Nvidia, la plus grande capitalisation boursière de Wall Street, qui a brièvement dépassé les 5000 G$ US de capitalisation, a connu des difficultés ce mois-ci, perdant plus de 10 % sur l’indice élargi S&P 500 le 18 novembre. L’action affichait une hausse d’environ 6 % le 20 au matin.
Les analystes suivent de près l’évolution du titre, y voyant un indicateur potentiel de la performance future du secteur de l’IA, car d’autres entreprises dépendent des puces Nvidia pour accélérer leurs propres développements dans ce domaine.
Si les actions liées à l’IA connaissent une forte croissance depuis des années, l’inquiétude grandit quant à la rentabilité des investissements massifs dans ce secteur, qui pourraient ne pas être à la hauteur des attentes.
D’autres acteurs du secteur ont également minimisé ces inquiétudes lors de la conférence de mercredi. François Chadwick, directeur financier de la société technologique torontoise Cohere, a comparé la demande en IA à un « battement de tambour constant ».
« Il y a un réel besoin », a soutenu François Chadwick lors d’une entrevue, ajoutant qu’aux débuts d’internet, certaines entreprises technologiques « développaient des choses dont personne n’avait vraiment besoin ni envie ».
« Actuellement, la demande et le besoin sont bien présents. Entreprises, gouvernements, tous réclament cette technologie », a-t-il précisé.
Des gagnants et des perdants
Cependant, cela ne signifie pas que tous les investissements dans l’IA seront forcément fructueux, prévient Tom Gillis, vice-président principal et directeur général de l’infrastructure et de la sécurité chez Cisco.
Avec une telle transformation, il y aura forcément des gagnants et des perdants, croit-il.
« Certains prendront un risque et feront un pari qui s’avérera erroné, a avancé M. Gillis. Mais pensez-vous vraiment qu’il y aura un revirement de situation, du genre : “Finalement, l’IA n’est pas si utile” ? Il suffit d’utiliser une messagerie instantanée pour s’en convaincre. (…) Elle est extrêmement précieuse et justifie donc des investissements importants pour impulser ce changement. »
Seules 8 % des organisations canadiennes sont considérées comme « prêtes pour l’IA », d’après une étude publiée le mois dernier.

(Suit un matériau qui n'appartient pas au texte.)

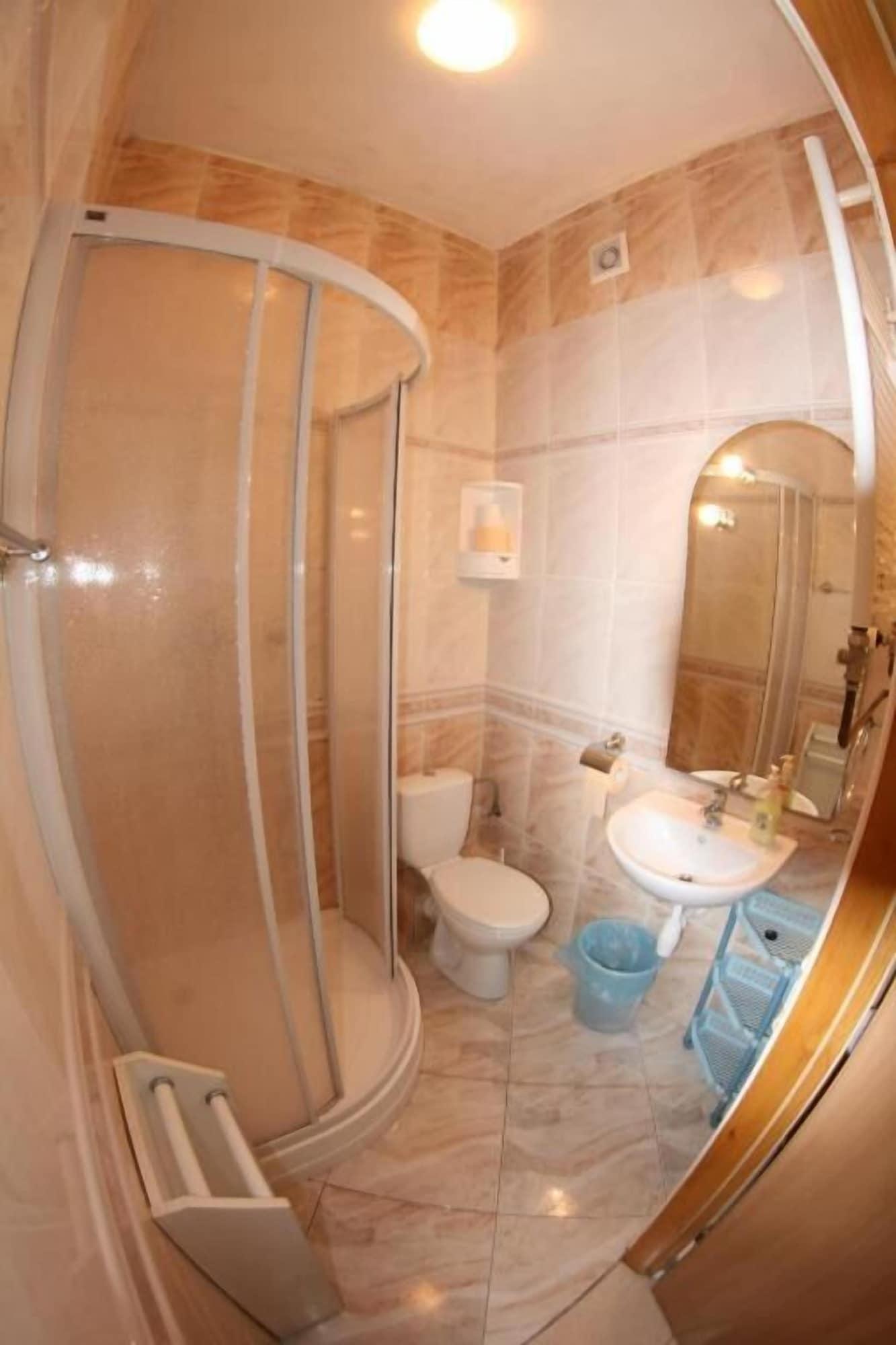 Hotel Daisy Budget Krasków Εξωτερικό φωτογραφία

Selon l’indice de préparation à l’IA de Cisco, près des trois quarts des entreprises interrogées au Canada prévoient de déployer des agents d’IA et 34 % s’attendent à ce qu’ils travaillent aux côtés de leurs employés d’ici un an. Toutefois, rares sont celles qui disposent de l’infrastructure sécurisée nécessaire pour les soutenir.

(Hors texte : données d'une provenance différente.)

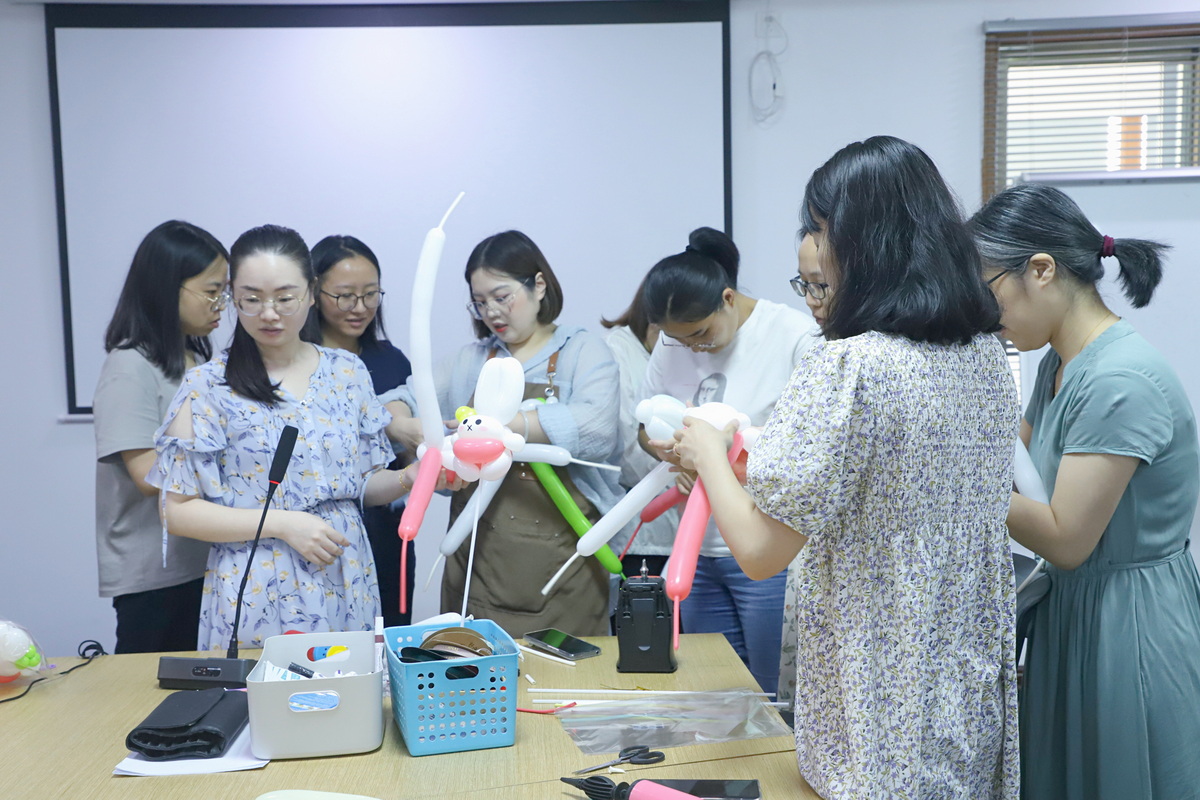 Mid Autumn Festival Balloon Diy Event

Celles qui sont pleinement préparées ont 50 % plus de chances d’en constater les avantages concrets.
Kevin Deierling a décrit le Canada comme étant « en avance sur la recherche, mais en retard sur le déploiement » en matière d’utilisation de l’IA.
« Et je ne comprends pas pourquoi, a-t-il déclaré. Le pays possède les compétences de base, les personnes qui comprennent le sujet. Toutes sortes d’entreprises devraient en bénéficier. Je pense donc que c’est simplement une question de volonté. »

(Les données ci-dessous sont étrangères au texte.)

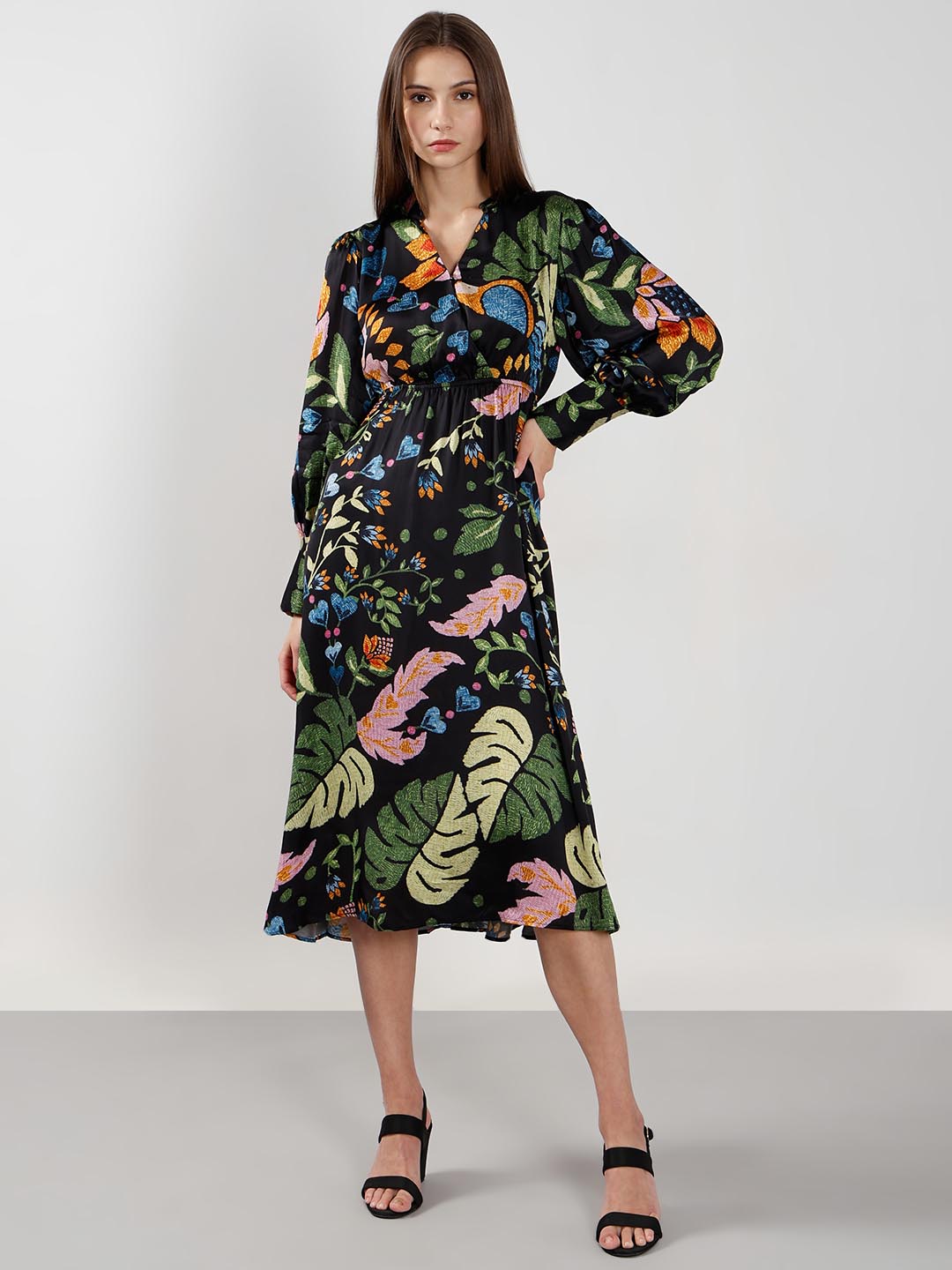 Vero Moda Black Printed Midi Dress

Kevin Deierling a toutefois reconnu que de nombreuses entreprises restent réticentes à l’égard de l’IA. Il a souligné que la clé est de commencer modestement, en se concentrant souvent sur des cas d’utilisation internes, plutôt que de « risquer toute son activité avec une IA dont on ne maîtrise pas forcément la mise en œuvre ».
« Toutes les entreprises sont prêtes à utiliser l’IA, elles l’ignorent simplement, a-t-il affirmé. Le risque n’est pas si élevé. Déployez une solution, commencez à l’utiliser, et vous constaterez des gains de productivité tels que la demande engendrera à elle seule la prochaine génération. »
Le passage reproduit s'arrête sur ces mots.